The irrational side of my brain, argued back, “It does too matter. People are on social media all the time. Surely they’ve seen this post by now. If I had the right kind of professional reputation people would be liking that post.”
Before the war could get too far out of hand, I prayed about it. Almost immediately, I looked at my phone’s Bible app, and would you believe it? The verse of the day was Galatians 1:10.
Am I saying this now to win the approval of people or God? Am I trying to please people? If I were still trying to please people, I would not be Christ’s servant. Galatians 1:10 ESV
Not often do I get a response that quickly from a prayer, but I was so thankful that day that God’s response was immediate and on target. Point taken. It’s not people’s approval I should be looking for, but His. Thankfully, as His daughter, I know that I already have His approval. If there’s a refrigerator in Heaven, my picture is hanging on it. I know I am loved deep in my bones. How can I know that I have his approval? Acts 13:39 says: “everyone who believes in Jesus receives God’s approval.”
No Facebook post can compete with that.
Even knowing I have God’s approval, I know that I will fight this battle until the day I die, because the battle for approval is really about my own pride. The minute I think I have won the battle, it arises again through a new situation.

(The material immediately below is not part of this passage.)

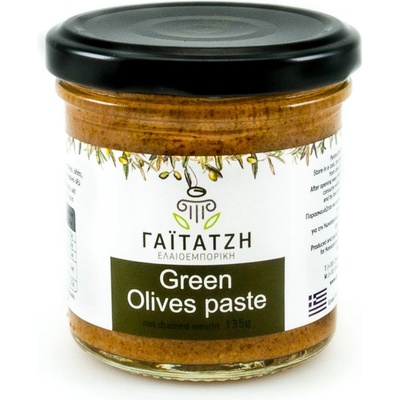 Gaitatzi olivová pasta ze zelených oliv 135 g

I’m not the only one who struggles with the battle for approval. People-pleasing is a common struggle. Although often it is unhealthy, the root of it springs from a very pure and healthy need: to be loved, to be valued, and to be approved.
To deny that need is not the answer. I cannot win the battle by saying, “I just don’t care what anyone thinks.” I would be lying to myself. However, I can shift my thinking by reframing the thought to, “God approves of me, and that’s what matters.”
He is the most important factor by far, but He created us to be loved by people as well. His church is made up of people, and He calls them His body. Maybe anonymous strangers on Facebook don’t love me, but my tribe does, and they matter.
An epilogue to my story: later that evening I checked that post again. By then, it had multiple likes and a few shares. Those shares came from my closest friends and family, announcing to the social media world how proud they were of my accomplishments.
I can also receive affirmation from those who know me best and love me, faults and all. Besides God, they are my biggest supporters and advocates. At the end of the day, they’ve got my back, and that is a very good feeling.
Pause: Take a deep breath and exhale. Read over Acts 13:39 (above) a few times. Close your eyes and meditate on what this verse means to you.
Renew: Read Galatians 1:10 (above) again. Do you find that you are often struggling to please people? If so, think about the underlying needs that are causing this. Paul says, “If I were still trying to please people, I would not be Christ’s servant.” Consider why pleasing people could be at odds with being Christ’s servant.
Next: This week, when you find yourself noticing that you want to be liked, to be approved of, or to be validated, take stock of the underlying motivation. Is it healthy or unhealthy? If unhealthy, start talking back to those thoughts: “Set your mind on things above, not on earthly things.” Choose to remember those who do approve of you, particularly Jesus, and revel in it for a moment before moving on with your day.
May we know that we are loved and keep our eyes focused on what matters.
Pause, Renew, Next!
I also find that I yearn for that recognition and approval, but when I do get accolades I feel like they’re overblown or “it’s not that big of a deal”. Can’t win.